The Dayton accords that ended Bosnia's 1992-95 civil war left the country divided in two semi-independent entities with weak central institutions - the Republika Srpska, or Serb Republic, and the Muslim-Croat Federation.
On March 3rd, Bosnian Croat nationalists proclaimed "temporary autonomy," a move that prompted the region's top mediator Wolfgang Petritsch to sack the Croat representative to Bosnia's tripartite presidency Ante Jelavic.
"We do not accept the idea of Croat autonomy because Bosnia and Herzegovina cannot be preserved through such untenable projects," Picula said, adding that Croatia's intention is to help reinforce the part of the Dayton accords that supports Bosnia's integrity.

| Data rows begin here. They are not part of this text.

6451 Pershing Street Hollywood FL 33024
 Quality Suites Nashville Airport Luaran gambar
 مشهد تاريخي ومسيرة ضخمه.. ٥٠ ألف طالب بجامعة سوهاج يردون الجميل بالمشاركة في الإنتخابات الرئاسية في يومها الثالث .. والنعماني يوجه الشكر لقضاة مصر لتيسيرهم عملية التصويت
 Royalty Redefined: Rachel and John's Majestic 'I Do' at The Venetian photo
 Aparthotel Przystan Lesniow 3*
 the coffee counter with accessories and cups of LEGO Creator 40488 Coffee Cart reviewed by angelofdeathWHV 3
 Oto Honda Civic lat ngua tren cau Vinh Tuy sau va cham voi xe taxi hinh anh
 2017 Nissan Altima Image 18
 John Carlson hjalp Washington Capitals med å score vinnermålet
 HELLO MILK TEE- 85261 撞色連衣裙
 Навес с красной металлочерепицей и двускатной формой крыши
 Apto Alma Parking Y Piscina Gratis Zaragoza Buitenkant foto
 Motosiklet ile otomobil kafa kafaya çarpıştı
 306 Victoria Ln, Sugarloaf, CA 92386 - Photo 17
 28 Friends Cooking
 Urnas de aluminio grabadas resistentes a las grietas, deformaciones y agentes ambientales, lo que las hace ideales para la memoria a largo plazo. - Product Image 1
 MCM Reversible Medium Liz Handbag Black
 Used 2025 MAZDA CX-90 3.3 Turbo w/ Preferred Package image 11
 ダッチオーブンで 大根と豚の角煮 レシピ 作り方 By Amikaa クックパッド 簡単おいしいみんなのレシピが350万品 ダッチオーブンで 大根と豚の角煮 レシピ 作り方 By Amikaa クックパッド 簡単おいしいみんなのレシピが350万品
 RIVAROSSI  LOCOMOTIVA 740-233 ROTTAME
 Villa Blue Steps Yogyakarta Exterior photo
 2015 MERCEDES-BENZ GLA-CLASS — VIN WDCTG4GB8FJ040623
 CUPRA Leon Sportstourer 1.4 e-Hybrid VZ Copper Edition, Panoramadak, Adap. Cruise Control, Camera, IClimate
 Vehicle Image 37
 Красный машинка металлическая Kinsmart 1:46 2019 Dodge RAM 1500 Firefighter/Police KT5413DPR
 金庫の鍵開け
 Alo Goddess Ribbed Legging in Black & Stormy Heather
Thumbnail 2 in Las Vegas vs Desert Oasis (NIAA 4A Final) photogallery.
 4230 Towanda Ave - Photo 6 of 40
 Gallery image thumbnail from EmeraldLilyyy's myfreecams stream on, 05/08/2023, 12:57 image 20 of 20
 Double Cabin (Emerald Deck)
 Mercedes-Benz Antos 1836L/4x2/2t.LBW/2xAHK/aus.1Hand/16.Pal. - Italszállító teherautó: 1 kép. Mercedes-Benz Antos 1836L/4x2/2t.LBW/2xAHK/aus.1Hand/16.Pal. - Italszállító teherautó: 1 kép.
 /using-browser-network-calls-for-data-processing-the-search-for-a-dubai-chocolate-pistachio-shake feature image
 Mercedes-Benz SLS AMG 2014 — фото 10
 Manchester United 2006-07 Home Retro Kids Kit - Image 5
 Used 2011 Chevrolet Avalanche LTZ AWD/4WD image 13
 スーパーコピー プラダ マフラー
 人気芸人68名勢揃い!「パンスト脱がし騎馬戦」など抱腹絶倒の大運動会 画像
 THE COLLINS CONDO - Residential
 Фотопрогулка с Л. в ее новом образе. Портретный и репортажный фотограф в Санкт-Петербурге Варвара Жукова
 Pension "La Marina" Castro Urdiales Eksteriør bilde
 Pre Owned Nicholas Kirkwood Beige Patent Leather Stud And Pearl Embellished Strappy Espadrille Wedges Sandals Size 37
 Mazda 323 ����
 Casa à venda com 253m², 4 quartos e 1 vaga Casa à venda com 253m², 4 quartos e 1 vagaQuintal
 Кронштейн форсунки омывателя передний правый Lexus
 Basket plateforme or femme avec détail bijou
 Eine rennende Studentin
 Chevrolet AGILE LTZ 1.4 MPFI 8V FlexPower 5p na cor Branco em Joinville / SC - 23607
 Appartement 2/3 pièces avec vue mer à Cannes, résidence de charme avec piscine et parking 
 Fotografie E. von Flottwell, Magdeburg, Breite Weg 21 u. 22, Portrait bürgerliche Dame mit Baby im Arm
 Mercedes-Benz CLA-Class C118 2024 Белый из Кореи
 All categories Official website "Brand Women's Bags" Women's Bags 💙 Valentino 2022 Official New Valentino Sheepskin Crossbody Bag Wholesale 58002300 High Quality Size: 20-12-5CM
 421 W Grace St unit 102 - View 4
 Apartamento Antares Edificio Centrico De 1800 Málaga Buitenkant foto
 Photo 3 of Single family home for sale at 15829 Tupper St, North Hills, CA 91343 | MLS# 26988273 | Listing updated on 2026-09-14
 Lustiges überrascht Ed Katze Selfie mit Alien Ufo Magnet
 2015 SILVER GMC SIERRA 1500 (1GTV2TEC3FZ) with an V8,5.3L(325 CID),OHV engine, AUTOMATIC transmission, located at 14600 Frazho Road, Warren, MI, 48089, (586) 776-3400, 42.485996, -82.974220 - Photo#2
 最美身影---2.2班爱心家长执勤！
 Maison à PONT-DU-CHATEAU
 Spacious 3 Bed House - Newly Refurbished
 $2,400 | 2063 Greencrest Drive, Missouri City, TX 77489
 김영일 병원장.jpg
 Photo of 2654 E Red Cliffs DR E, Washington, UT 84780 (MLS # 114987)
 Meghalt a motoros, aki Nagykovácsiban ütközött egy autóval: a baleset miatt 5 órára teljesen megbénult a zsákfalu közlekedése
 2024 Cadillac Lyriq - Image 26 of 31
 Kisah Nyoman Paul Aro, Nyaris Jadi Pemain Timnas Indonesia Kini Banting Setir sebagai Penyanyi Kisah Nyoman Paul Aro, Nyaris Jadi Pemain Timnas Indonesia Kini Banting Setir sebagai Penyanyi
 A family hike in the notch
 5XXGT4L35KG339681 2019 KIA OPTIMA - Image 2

Picula was to go to Brussels for talks with EU foreign policy chief Javier Solana on Thursday, the newspaper said.
Drazen Budisa, who heads one of the ruling coalition parties, recently proposed a project to abolish the two Bosnian entities. However, the government has not officially adopted his project, published in a Croatian weekly Wednesday.
The signing of the Dayton Agreement in November 1995 marked the end of three years of bitter civil war in Bosnia and Herzegovina, a former constituent republic of Yugoslavia. It created a multi-ethnic parliamentary democracy.
The U.N. Security Council also appointed a High Representative who is charged with the implementation of the peace agreement and the co-ordination of the various civilian organizations and agencies in Bosnia.
Progress so far has been mixed. The country has been more or less at peace since 1995, and the economy is starting to recover from the disasters of the war. During the communist period, Bosnia was one of the richest regions in Eastern Europe.
But it is still a long way from functioning as one country: suspicion between the two halves, so recently at war, is still high. And Bosnia's neighbors, especially the predominantly Serb Yugoslavia, tend to hinder rather than help its development.